There are a variety of ways to do this once you have settled your mind on acquiring gold.
- You might buy gold mining company stocks.
- You could purchase gold ETF exchange traded funds
- You can buy shares in gold mutual funds.
- There are gold futures contracts available from major commodities exchanges in Chicago and London.
- You could buy gold ounces in the form of gold spot on the world Forex markets
- You can also acquire physical gold through a gold IRA.
- Finally, you might purchase gold bullion outright and then either store it in a depository, bank safe deposit box, or in the privacy of your own home-based safe.
We will consider each of these methods of acquiring gold in this article.
The Various Methods of Investing in Gold Considered
What makes it important to consider the various ways of investing in gold for yourself is that there is not any single one right way to do this. It depends more on what is important to you personally. Gold investing as speculation is a major part of the gold market, as approximately a fifth of global gold demand originates with investors. You have to decide what your focus is on investing in gold. Are you more of a speculator or a longer-term investor? The answer to this question will heavily influence the type of gold vehicle you choose in the end. This is why we will look at the seven different popular methods for investing in gold and consider their various merits here.

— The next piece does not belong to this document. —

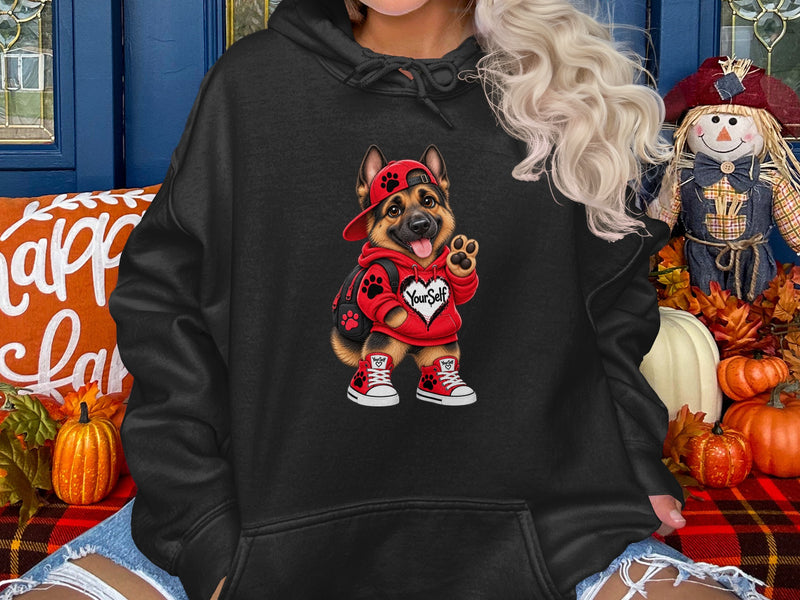 Load image into Gallery viewer, Black hoodie with a cartoon German Shepherd wearing a red hoodie and hat.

Gold Mining Company Stocks
Among the variety of ways to invest in gold is to buy into it indirectly. This is by purchasing the shares of the companies which actually mine, refine, and sell the gold in the business of gold mining. The advantage to this is that you typically obtain a greater amount of leverage. When gold prices are high and rising, the stocks of gold miners generally go up faster than the actual underlying price of gold itself does.
There is a double edge to this sword though, as when the price of gold is decreasing, the gold mining company stocks’ prices usually fall faster and harder than does the price of gold. This means that though can be a larger reward to this strategy of acquiring the shares of gold miners, there is also a greater level of risk. Gold mining companies also introduce another element and type of risk to the gold investing equation that straight bullion purchases of the yellow metal do not.

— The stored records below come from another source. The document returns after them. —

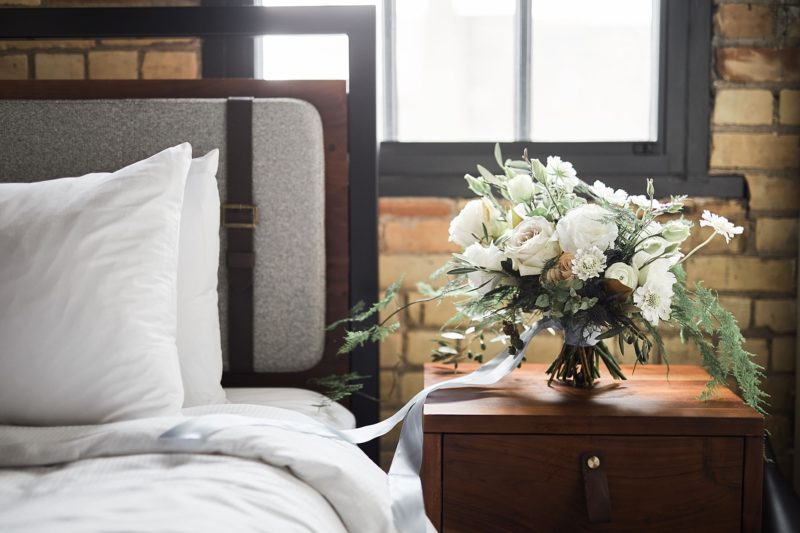 White floral arrangement next to a bed at our Minneapolis downtown hotel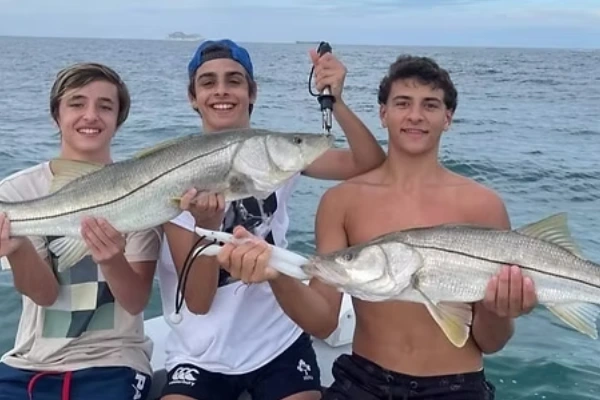 Three anglers celebrate together after Miami Offshore Fishing Charters with Fetched Up Charters.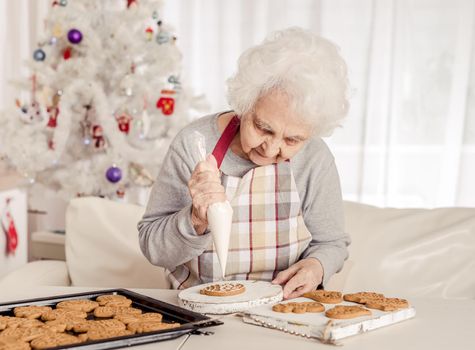 Elder woman soaking cream on Christmas baked cookies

These are the risks which are problematic for any company involved in the (usually international/overseas) extraction of natural resources. This involves national political risk, currency movement risk, environmental impact regulation, and labor problem difficulties. Because of this, it is worth considering the following points in investing in gold in this manner:
- Since you are purchasing a stake in a company, this gives you the possibility for higher upside, as well as downside
- Stocks in gold miners can be quickly and simply purchased as well as sold. This means that you can rapidly free up cash if you run into a cash flow issue
- Investing in gold stocks requires more time spent in upfront (and continuing) research on the players in the gold mining universe. The idea is to find a value-plus proposition that will deliver a greater percentage gain than simply the movement in gold prices. If you do not receive this, then you are really better off with a straight bullion investment
Beyond this, you need the gold mining firm that you select to embody a number of critical characteristics, including:
- Successful management – not only who have a proven track record, but also who are vested in the success of the mining venture and operation.
- Access to major financing – you need to know that the gold mining company has an effective current cash position and manageable total debt. The balance sheets must be strong since they constantly require capital infusions to operate effectively.
- Skills in often hostile international environments – the majority of gold miners are operating in countries with physical challenges such as the harsh natural environment or lack of infrastructure and with political headwinds like questionable government institutions, real security issues, and weak legal frameworks. If the managers of the various mining projects and leadership can not navigate these often treacherous scenarios effectively, they may well lose the mine.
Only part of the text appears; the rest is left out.